** Opening MATERIAL SUPPLIED block **

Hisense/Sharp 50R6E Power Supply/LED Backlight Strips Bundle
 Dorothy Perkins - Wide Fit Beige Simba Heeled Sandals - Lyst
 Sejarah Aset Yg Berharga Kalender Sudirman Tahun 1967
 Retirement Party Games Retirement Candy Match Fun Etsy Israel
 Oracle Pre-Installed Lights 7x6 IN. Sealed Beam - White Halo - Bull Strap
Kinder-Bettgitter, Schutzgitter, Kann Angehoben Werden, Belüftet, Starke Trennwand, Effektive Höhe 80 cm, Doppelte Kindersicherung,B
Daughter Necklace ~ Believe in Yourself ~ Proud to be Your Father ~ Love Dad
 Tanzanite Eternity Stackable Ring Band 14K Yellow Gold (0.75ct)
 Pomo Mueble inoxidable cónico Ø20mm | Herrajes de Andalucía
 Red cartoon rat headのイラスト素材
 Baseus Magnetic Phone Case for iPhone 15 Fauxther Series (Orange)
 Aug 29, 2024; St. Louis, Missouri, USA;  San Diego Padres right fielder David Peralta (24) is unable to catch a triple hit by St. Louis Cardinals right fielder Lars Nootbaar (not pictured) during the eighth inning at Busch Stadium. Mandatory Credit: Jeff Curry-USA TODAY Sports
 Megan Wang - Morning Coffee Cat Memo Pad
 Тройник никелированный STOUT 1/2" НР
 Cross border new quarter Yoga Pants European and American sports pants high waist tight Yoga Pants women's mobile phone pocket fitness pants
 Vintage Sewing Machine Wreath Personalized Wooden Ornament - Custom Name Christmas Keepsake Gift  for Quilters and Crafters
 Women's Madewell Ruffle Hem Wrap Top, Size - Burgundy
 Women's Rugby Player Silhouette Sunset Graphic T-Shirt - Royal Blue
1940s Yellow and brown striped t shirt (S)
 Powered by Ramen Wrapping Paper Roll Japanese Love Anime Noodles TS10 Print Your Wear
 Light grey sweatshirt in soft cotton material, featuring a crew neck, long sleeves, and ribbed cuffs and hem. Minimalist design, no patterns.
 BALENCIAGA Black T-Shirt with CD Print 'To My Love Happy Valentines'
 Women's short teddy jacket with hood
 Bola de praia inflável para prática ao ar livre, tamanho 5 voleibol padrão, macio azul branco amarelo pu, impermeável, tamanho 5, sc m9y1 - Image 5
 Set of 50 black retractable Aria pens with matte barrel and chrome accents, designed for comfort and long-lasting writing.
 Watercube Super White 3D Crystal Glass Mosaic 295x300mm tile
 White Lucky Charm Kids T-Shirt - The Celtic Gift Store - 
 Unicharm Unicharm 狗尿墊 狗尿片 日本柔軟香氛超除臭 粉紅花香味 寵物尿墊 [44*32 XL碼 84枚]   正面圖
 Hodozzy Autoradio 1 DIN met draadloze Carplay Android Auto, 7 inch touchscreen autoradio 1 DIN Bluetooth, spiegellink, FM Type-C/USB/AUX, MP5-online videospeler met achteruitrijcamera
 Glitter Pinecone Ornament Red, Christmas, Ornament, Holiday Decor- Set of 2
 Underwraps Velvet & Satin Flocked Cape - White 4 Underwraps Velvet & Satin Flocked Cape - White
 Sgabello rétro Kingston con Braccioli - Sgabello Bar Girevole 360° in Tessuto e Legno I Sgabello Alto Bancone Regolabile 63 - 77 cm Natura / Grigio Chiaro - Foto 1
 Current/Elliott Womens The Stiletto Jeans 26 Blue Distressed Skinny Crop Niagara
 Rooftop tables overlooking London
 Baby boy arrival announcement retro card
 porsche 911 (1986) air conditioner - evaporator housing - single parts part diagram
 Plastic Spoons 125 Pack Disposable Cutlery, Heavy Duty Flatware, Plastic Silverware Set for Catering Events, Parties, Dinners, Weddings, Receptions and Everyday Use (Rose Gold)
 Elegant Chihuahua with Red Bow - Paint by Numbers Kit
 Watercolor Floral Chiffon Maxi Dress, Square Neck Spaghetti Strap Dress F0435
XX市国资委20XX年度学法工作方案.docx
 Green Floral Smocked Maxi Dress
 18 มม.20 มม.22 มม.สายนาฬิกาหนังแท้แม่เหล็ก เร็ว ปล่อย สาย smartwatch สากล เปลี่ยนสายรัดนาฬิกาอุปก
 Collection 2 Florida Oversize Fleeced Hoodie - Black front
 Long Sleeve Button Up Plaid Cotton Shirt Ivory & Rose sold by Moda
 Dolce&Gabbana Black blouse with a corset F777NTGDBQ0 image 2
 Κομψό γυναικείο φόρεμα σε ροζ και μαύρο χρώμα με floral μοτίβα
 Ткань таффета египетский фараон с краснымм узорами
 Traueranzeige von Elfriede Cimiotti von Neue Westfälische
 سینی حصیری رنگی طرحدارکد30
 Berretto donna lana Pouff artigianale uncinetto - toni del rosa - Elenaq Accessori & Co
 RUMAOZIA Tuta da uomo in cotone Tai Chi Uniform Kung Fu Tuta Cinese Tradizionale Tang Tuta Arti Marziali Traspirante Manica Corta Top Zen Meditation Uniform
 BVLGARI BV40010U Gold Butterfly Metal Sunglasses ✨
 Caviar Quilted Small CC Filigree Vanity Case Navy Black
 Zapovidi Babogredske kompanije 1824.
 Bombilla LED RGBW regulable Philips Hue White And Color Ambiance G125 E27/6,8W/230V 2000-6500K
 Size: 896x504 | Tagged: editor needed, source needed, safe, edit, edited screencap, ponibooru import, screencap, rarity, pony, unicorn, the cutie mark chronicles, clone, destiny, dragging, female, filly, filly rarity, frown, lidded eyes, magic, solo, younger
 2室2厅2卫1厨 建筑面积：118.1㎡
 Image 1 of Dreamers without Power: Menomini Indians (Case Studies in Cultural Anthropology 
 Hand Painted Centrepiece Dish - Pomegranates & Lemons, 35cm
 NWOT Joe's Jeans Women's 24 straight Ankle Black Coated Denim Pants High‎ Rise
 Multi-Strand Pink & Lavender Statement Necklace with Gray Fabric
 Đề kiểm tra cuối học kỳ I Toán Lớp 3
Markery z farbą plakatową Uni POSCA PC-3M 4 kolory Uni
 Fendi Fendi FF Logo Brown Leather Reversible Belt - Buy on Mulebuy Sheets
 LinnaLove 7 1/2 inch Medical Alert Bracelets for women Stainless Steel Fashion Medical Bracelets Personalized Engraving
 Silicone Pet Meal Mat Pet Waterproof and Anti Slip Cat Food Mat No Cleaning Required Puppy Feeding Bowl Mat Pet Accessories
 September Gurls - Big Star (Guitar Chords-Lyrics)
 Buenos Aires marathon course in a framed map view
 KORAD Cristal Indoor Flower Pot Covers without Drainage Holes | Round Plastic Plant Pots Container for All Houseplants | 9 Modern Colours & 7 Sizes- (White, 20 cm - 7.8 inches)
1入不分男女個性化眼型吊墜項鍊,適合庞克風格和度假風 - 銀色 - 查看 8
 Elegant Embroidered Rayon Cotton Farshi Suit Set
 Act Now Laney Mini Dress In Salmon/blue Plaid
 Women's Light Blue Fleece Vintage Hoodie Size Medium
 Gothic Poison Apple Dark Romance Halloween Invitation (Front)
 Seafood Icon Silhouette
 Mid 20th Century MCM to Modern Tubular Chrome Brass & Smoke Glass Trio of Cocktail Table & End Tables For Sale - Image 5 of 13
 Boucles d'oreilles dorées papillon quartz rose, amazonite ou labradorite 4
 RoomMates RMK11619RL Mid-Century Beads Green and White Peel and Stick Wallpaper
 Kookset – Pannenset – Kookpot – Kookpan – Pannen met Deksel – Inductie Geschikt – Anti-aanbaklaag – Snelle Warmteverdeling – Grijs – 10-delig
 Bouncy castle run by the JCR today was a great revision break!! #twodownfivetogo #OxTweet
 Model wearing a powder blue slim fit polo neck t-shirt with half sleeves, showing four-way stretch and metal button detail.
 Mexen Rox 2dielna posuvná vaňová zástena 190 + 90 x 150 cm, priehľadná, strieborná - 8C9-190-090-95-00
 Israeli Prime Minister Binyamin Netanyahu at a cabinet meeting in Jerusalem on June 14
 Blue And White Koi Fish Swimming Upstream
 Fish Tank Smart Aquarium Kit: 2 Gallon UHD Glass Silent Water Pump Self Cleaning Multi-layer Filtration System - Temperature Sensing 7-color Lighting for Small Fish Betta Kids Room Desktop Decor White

** Closing MATERIAL SUPPLIED block **

### INSTRUCTIONS FOR THE TASK
Can you repeat, word for word, every line above from the one containing "سینی حصیری رنگی طرحدارکد30" down to the one containing "Markery z farbą", including both?

### EXPECTED ANSWER
 سینی حصیری رنگی طرحدارکد30
 Berretto donna lana Pouff artigianale uncinetto - toni del rosa - Elenaq Accessori & Co
 RUMAOZIA Tuta da uomo in cotone Tai Chi Uniform Kung Fu Tuta Cinese Tradizionale Tang Tuta Arti Marziali Traspirante Manica Corta Top Zen Meditation Uniform
 BVLGARI BV40010U Gold Butterfly Metal Sunglasses ✨
 Caviar Quilted Small CC Filigree Vanity Case Navy Black
 Zapovidi Babogredske kompanije 1824.
 Bombilla LED RGBW regulable Philips Hue White And Color Ambiance G125 E27/6,8W/230V 2000-6500K
 Size: 896x504 | Tagged: editor needed, source needed, safe, edit, edited screencap, ponibooru import, screencap, rarity, pony, unicorn, the cutie mark chronicles, clone, destiny, dragging, female, filly, filly rarity, frown, lidded eyes, magic, solo, younger
 2室2厅2卫1厨 建筑面积：118.1㎡
 Image 1 of Dreamers without Power: Menomini Indians (Case Studies in Cultural Anthropology 
 Hand Painted Centrepiece Dish - Pomegranates & Lemons, 35cm
 NWOT Joe's Jeans Women's 24 straight Ankle Black Coated Denim Pants High‎ Rise
 Multi-Strand Pink & Lavender Statement Necklace with Gray Fabric
 Đề kiểm tra cuối học kỳ I Toán Lớp 3
Markery z farbą plakatową Uni POSCA PC-3M 4 kolory Uni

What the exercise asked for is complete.